Find the product of $\text{\hspace{0.17em}}{z}_{1}{z}_{2},\text{\hspace{0.17em}}$ given $\text{\hspace{0.17em}}{z}_{1}=4\left(\mathrm{cos}\left(80°\right)+i\mathrm{sin}\left(80°\right)\right)\text{\hspace{0.17em}}$ and $\text{\hspace{0.17em}}{z}_{2}=2\left(\mathrm{cos}\left(145°\right)+i\mathrm{sin}\left(145°\right)\right).$

$\begin{array}{l}{z}_{1}{z}_{2}=4\cdot 2\left[\mathrm{cos}\left(80°+145°\right)+i\mathrm{sin}\left(80°+145°\right)\right]\hfill \\ {z}_{1}{z}_{2}=8\left[\mathrm{cos}\left(225°\right)+i\mathrm{sin}\left(225°\right)\right]\hfill \\ {z}_{1}{z}_{2}=8\left[\mathrm{cos}\left(\frac{5\pi }{4}\right)+i\mathrm{sin}\left(\frac{5\pi }{4}\right)\right]\hfill \\ {z}_{1}{z}_{2}=8\left[-\frac{\sqrt{2}}{2}+i\left(-\frac{\sqrt{2}}{2}\right)\right]\hfill \\ {z}_{1}{z}_{2}=-4\sqrt{2}-4i\sqrt{2}\hfill \end{array}$

## Finding quotients of complex numbers in polar form

The quotient of two complex numbers in polar form is the quotient of the two moduli and the difference of the two arguments.
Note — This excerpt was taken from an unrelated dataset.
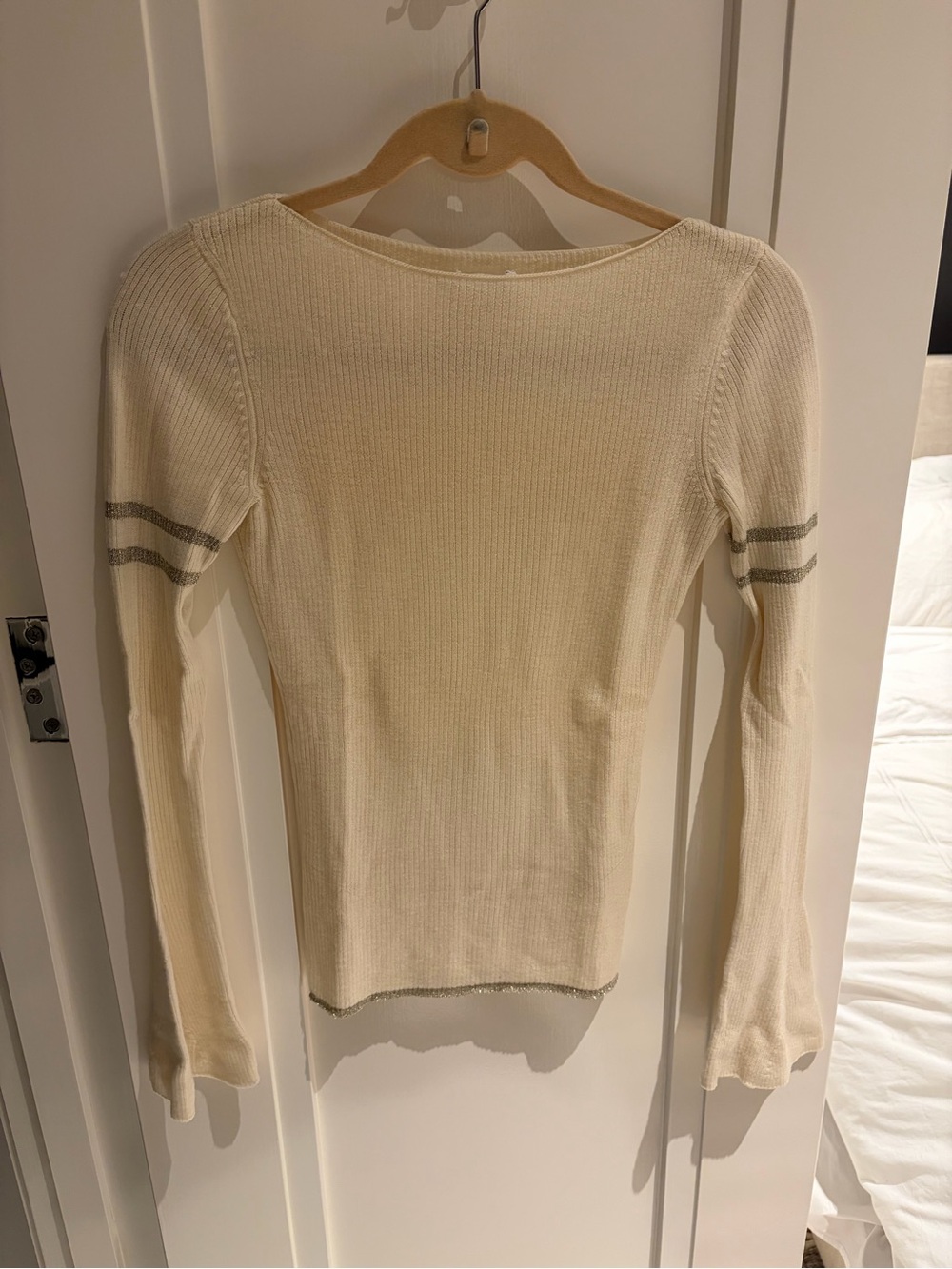 Frame Women’s Cream Ribbed Long-Sleeve Sweater with Contrast Stripes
## Quotients of complex numbers in polar form

If $\text{\hspace{0.17em}}{z}_{1}={r}_{1}\left(\mathrm{cos}\text{\hspace{0.17em}}{\theta }_{1}+i\mathrm{sin}\text{\hspace{0.17em}}{\theta }_{1}\right)\text{\hspace{0.17em}}$ and $\text{\hspace{0.17em}}{z}_{2}={r}_{2}\left(\mathrm{cos}\text{\hspace{0.17em}}{\theta }_{2}+i\mathrm{sin}\text{\hspace{0.17em}}{\theta }_{2}\right),$ then the quotient of these numbers is

$\begin{array}{l}\frac{{z}_{1}}{{z}_{2}}=\frac{{r}_{1}}{{r}_{2}}\left[\mathrm{cos}\left({\theta }_{1}-{\theta }_{2}\right)+i\mathrm{sin}\left({\theta }_{1}-{\theta }_{2}\right)\right],\text{\hspace{0.17em}}\text{\hspace{0.17em}}{z}_{2}\ne 0\\ \frac{{z}_{1}}{{z}_{2}}=\frac{{r}_{1}}{{r}_{2}}\text{cis}\left({\theta }_{1}-{\theta }_{2}\right),\text{\hspace{0.17em}}\text{\hspace{0.17em}}{z}_{2}\ne 0\text{\hspace{0.17em}}\end{array}$

Notice that the moduli are divided, and the angles are subtracted.

Given two complex numbers in polar form, find the quotient.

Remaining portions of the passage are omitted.